New Yorker writer and foodie Adam Gopnik analyzes, sometimes charmingly, what we eat and why we eat it.

THE TABLE COMES FIRST By Adam Gopnik

For his last meal on earth, Adam Gopnik would have roast chicken with lemon and an apricot souffle for dessert. Or maybe beef with béarnaise sauce, with chocolate pot-au-crème for dessert.

Questions of food consume Gopnik in "The Table Comes First: Family, France and the Meaning of Food," an exploration of eating from the earliest restaurant in pre-Revolutionary Paris to what we find at our dinner tables now.

Gopnik travels from the United States to Europe, from the past to the cutting edge, posing the question: Why do we eat what we eat?

The book has the outline of a meal -- starters through dessert -- and the unevenness of a progressive dinner. Some stops are delightful. Others disappoint.

Gopnik is at his best when he's out exploring, and is at his weakest when he's giving history lectures.

This book lacks the charm of "Paris to the Moon," Gopnik's 1990s collection of essays for the New Yorker when he was a new father introducing his little boy to Paris. But he recaptures that spirit in places.

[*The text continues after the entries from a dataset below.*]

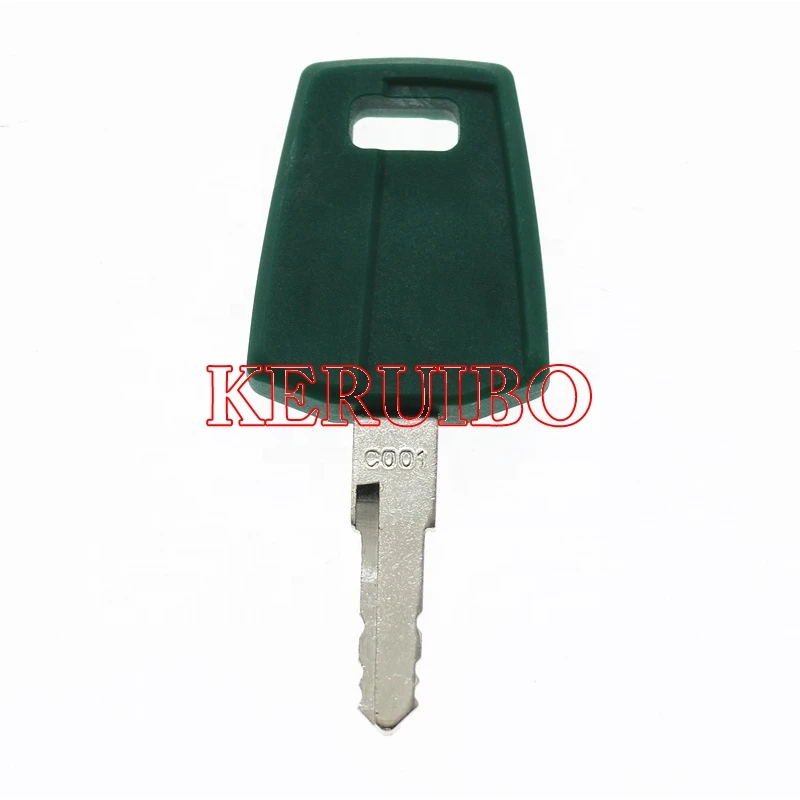 F green Series Ignition Start Starter Keys for Volvo Wheel Loader 11444208 Heavy Equipment C001 key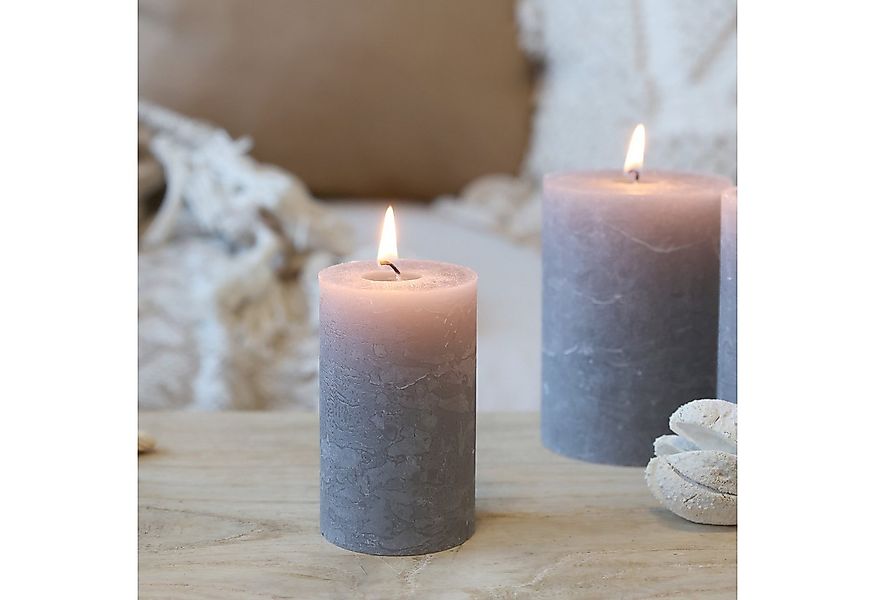 Chic Antique Rustic-Kerze Stumpenkerze Rustikale Kerze Macon Paraffin versc günstig online kaufen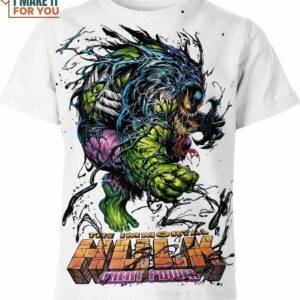 Hulk Venom Marvel Comics Shirt, Gifts For Marvel Lovers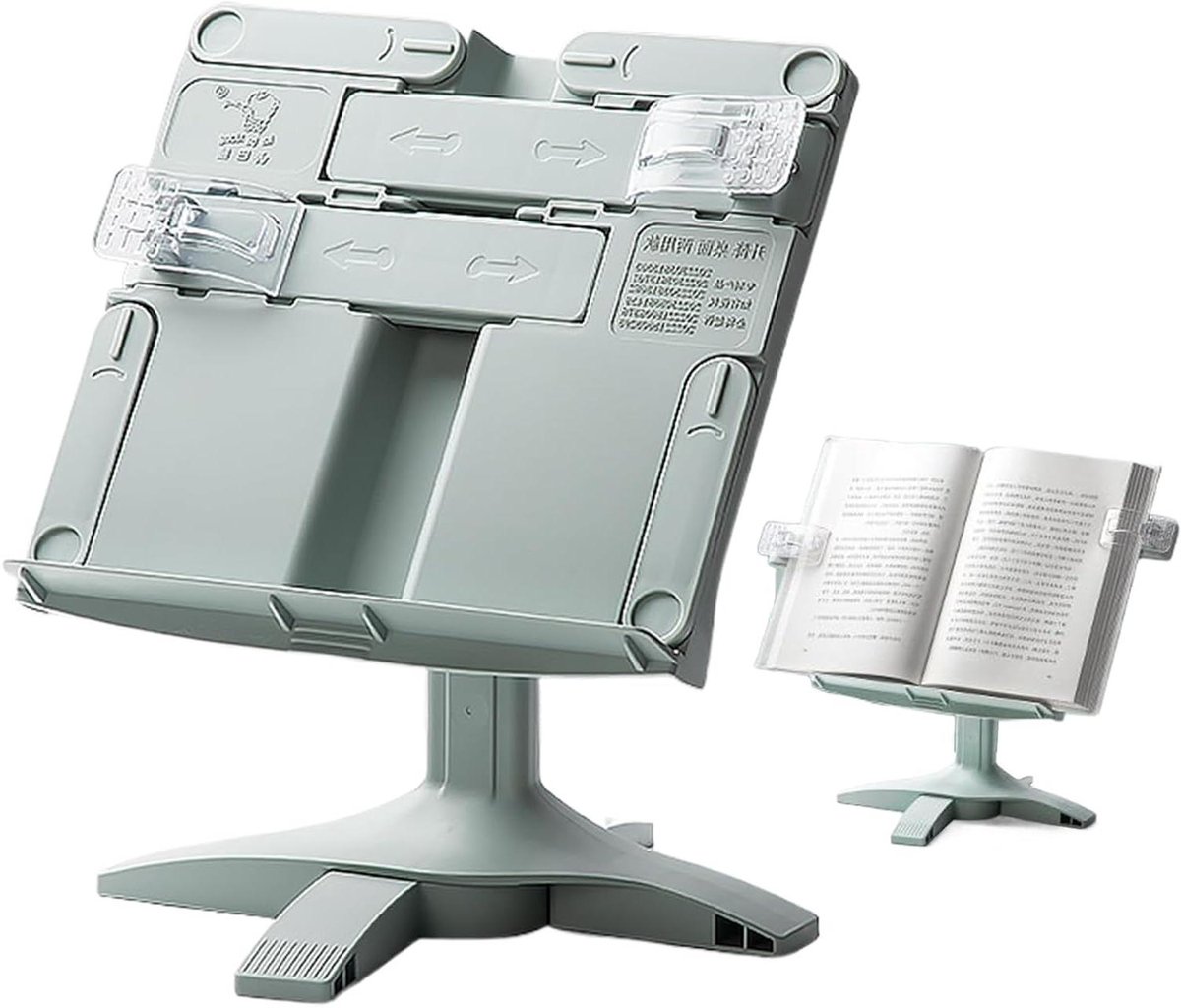 Boekenstandaard - Leeshouder - Comfortabel Lezen - In hoogte verstelbaar - 223 cm breed - Groen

It's there when he introduces us to the death-row inmate contemplating his favorite meals.

It's there when he introduces Elizabeth Pennell, a Victorian-era food critic with un-Victorian attitudes toward food and sex. He is so taken with this "Nigella Lawson of the age of Whistler" that he strikes up an imaginary correspondence, dropping e-mails to Pennell between chapters like palate cleansers.

It's there when his son, now a teenager, makes a cameo appearance. Father, son and daughter forage Central Park in search of edible greens in an entertaining test of the eat- local movement.

Gopnik's long experience with France and fine dining yields some fine observations. He sees the provocation in the word "Le Fooding," concocted to poke French cuisine off its pedestal and back into the culinary game. He taps Minnesota's own Thorstein Veblen, a 19th-century economist, to explain food trends.

In places, you feel as if you're sitting across the table from an amusing friend recounting his adventures. In others, you feel like the outsider at a dinner party where the conversation drones on about people and places you don't know.

Then comes dessert, and all is well again. Like the "techno- emotional" dessert wizards he visits in Spain, Gopnik saves his best for last: "What is it that we want from eating? Comfort? Absolutely. A symbol of love shared? For sure. ... We can have our cake and eat it, too, if we are willing to see that the point of having cake is to eat it and accept that then it will be gone."

Maureen McCarthy is a senior metro editor at the Star Tribune.

  • THE TABLE COMES FIRST

    By: Adam Gopnik.

    Publisher: Alfred A. Knopf, 293 pages, $25.95.

    Review: An entertaining, if uneven, exploration of restaurants, recipes and food trends.